TASK DESCRIPTION: Output the entries as they appear, skipping images.
==========
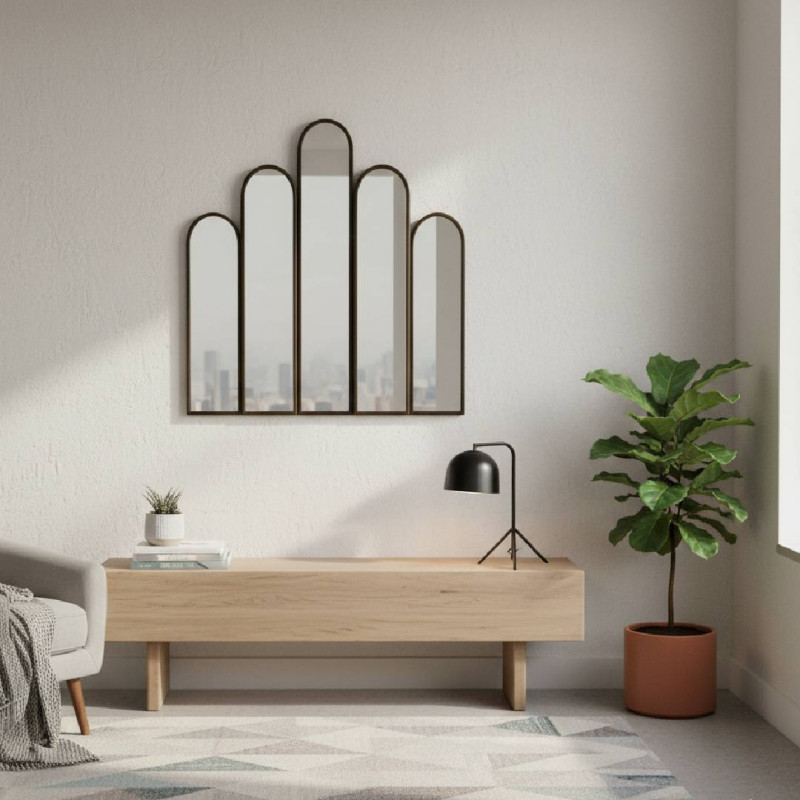 Miroir métal 5 panneaux - Grossiste déco tendance design Miroir métal 5 panneaux - Grossiste déco tendance design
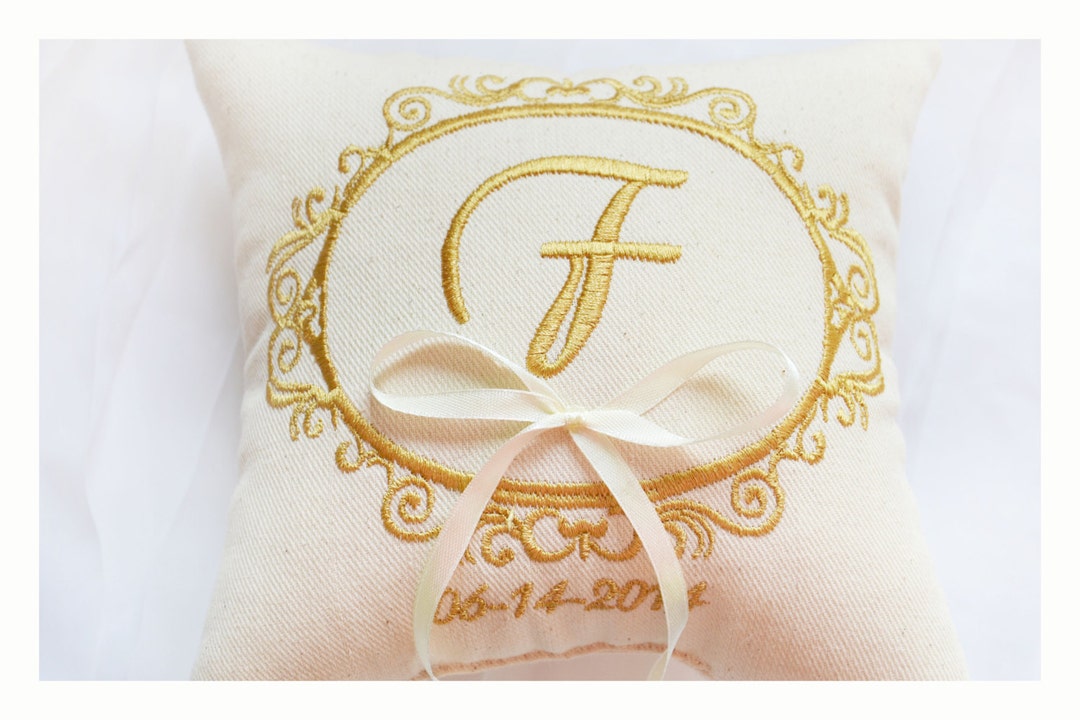 Personalised ring pillow cushion for the ring bearer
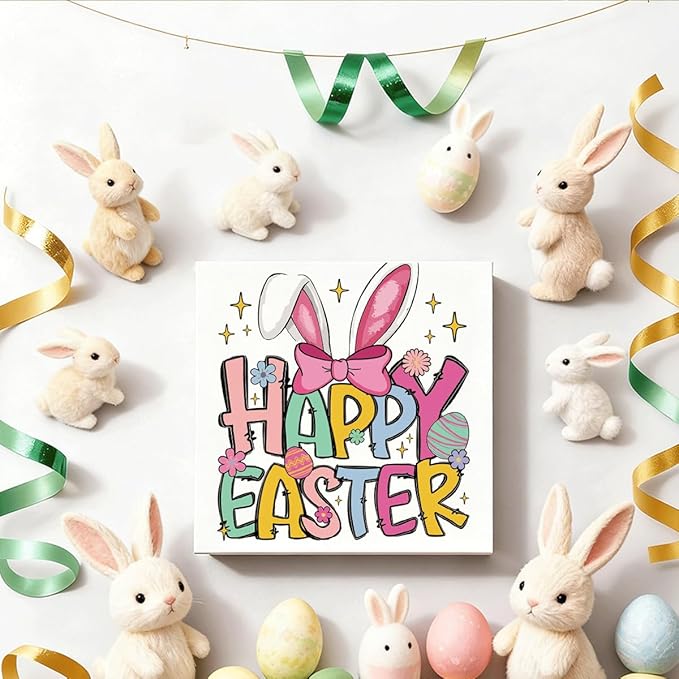 Easter Decorations for Home Happy Easter Bunny Wooden Box Sign, Cute Spring Table Decor, Farmhouse Easters Desk Decorations, Easters Porch Party Supplies, Holiday Shelf Plaque for Living Room Office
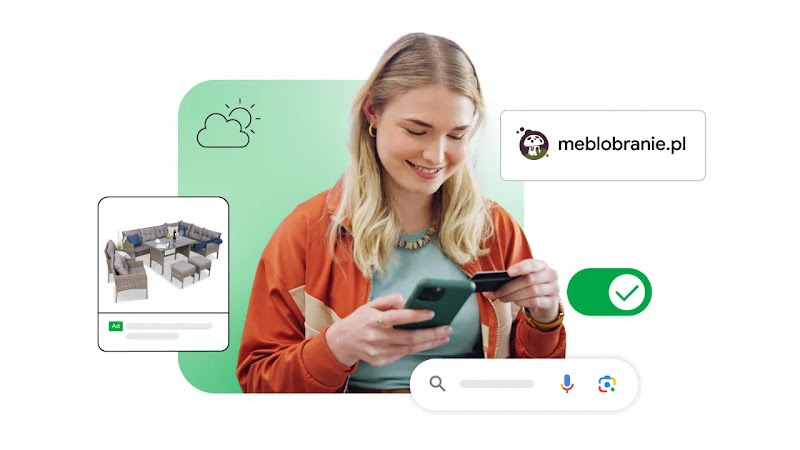 A smiling woman in a bright orange jacket holds a phone and a credit card, surrounded by visual elements like a weather icon, a search bar, an ad for patio furniture, a green checkmark switch, and the domain "meblobranie.pl".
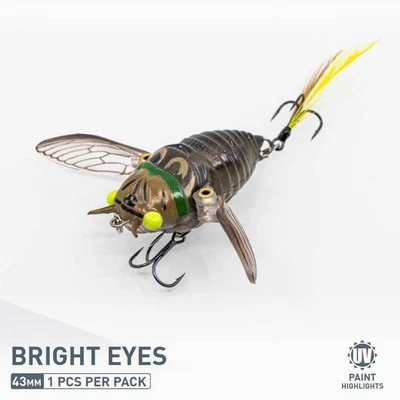 $19.95 • Buy Chasebaits Ripple Cicada 43mm Hollow Body Surface Lure Bass Bream Choose Colours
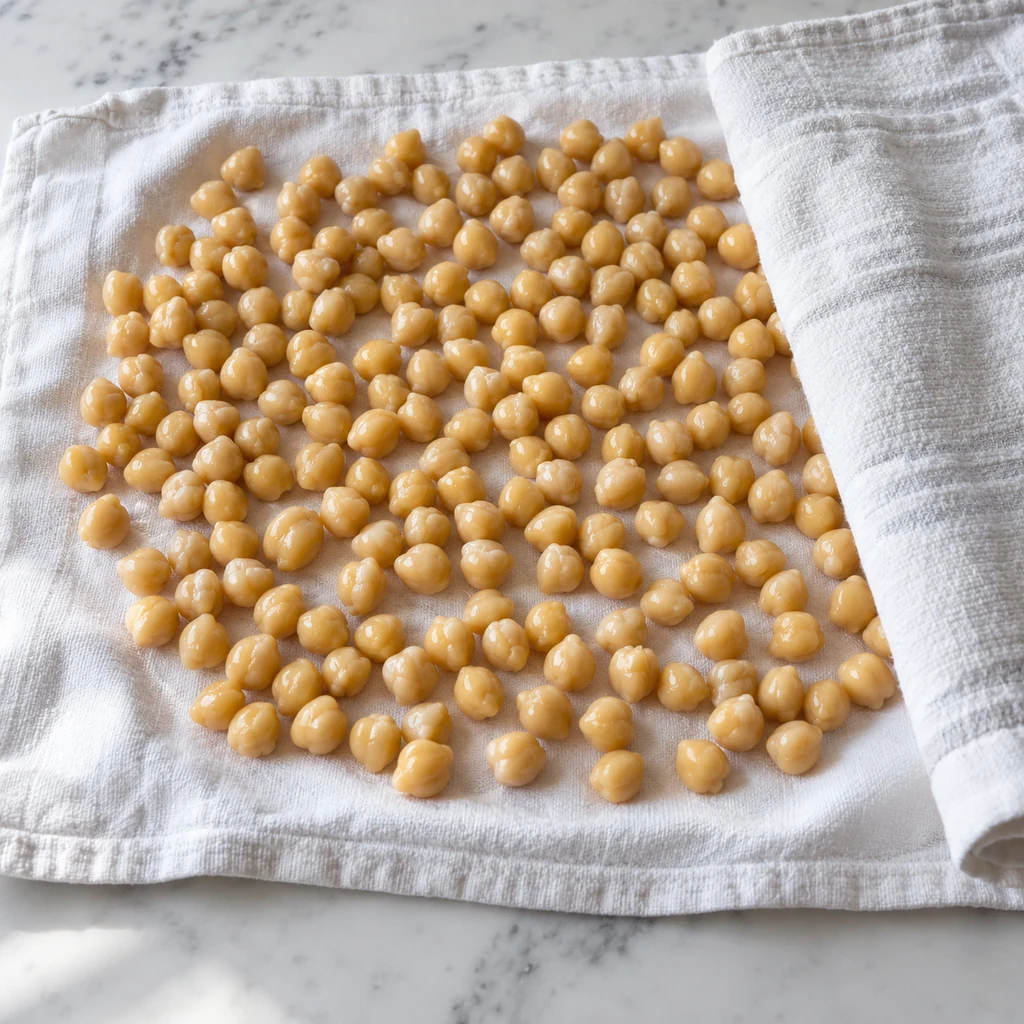 Rinsed chickpeas spread on a clean cotton towel to dry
==========
WRITTEN REPLY:
 Miroir métal 5 panneaux - Grossiste déco tendance design Miroir métal 5 panneaux - Grossiste déco tendance design
 Personalised ring pillow cushion for the ring bearer
 Easter Decorations for Home Happy Easter Bunny Wooden Box Sign, Cute Spring Table Decor, Farmhouse Easters Desk Decorations, Easters Porch Party Supplies, Holiday Shelf Plaque for Living Room Office
 A smiling woman in a bright orange jacket holds a phone and a credit card, surrounded by visual elements like a weather icon, a search bar, an ad for patio furniture, a green checkmark switch, and the domain "meblobranie.pl".
 $19.95 • Buy Chasebaits Ripple Cicada 43mm Hollow Body Surface Lure Bass Bream Choose Colours
 Rinsed chickpeas spread on a clean cotton towel to dry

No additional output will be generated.